# Install XFree86 troubles



## davidaking (Apr 8, 2011)

I just installed FreeBSD 8.2 and during the install I selected to add ALL the ports and I watched it go through them during the install. I want to set up the X Window environment so I tried to follow the instructions in the manual. I logged in as root and typed;:
[cmd=]cd /usr/ports/x11/XFree86[/cmd]

I got an error that the directory does not exist. If I *cd* to /usr/ports and do a *ls* I see all kinds of directories, many of them x11 related.

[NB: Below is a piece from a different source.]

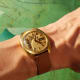 Bulova AccuQuartz: Important Quartz under Sand-Dial in 18K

But I don't see any XFree86 item.

What am I doing wrong?

:OOO


----------



## adamk (Apr 8, 2011)

You're trying to use XFree86.  That's what you're doing wrong.

Xorg is what you want.

http://www.freebsd.org/doc/en_US.ISO8859-1/books/handbook/x-install.html

Edit: BTW, what manual told you to use /usr/ports/x11/XFree86?


----------



## davidaking (Apr 9, 2011)

*X Windows*

The handbook I am using is the one sold through the FreeBSD Mall titled:

The Free BSB HANDBOOK 3rd Edition / Volume 1: User Guide.
ISBN:1-57176-327-9  pg. 146.

Thanks, I'll give that a try.

*Dave*


----------



## wblock@ (Apr 9, 2011)

davidaking said:
			
		

> The handbook I am using is the one sold through the FREEBSD MALL titled;
> The Free BSB HANDBOOK 3rd Edition / Volume 1: User Guide.
> ISBN:1-57176-327-9  pg. 146.



That's from about 2004.  Please check the online version for the most recent methods.


----------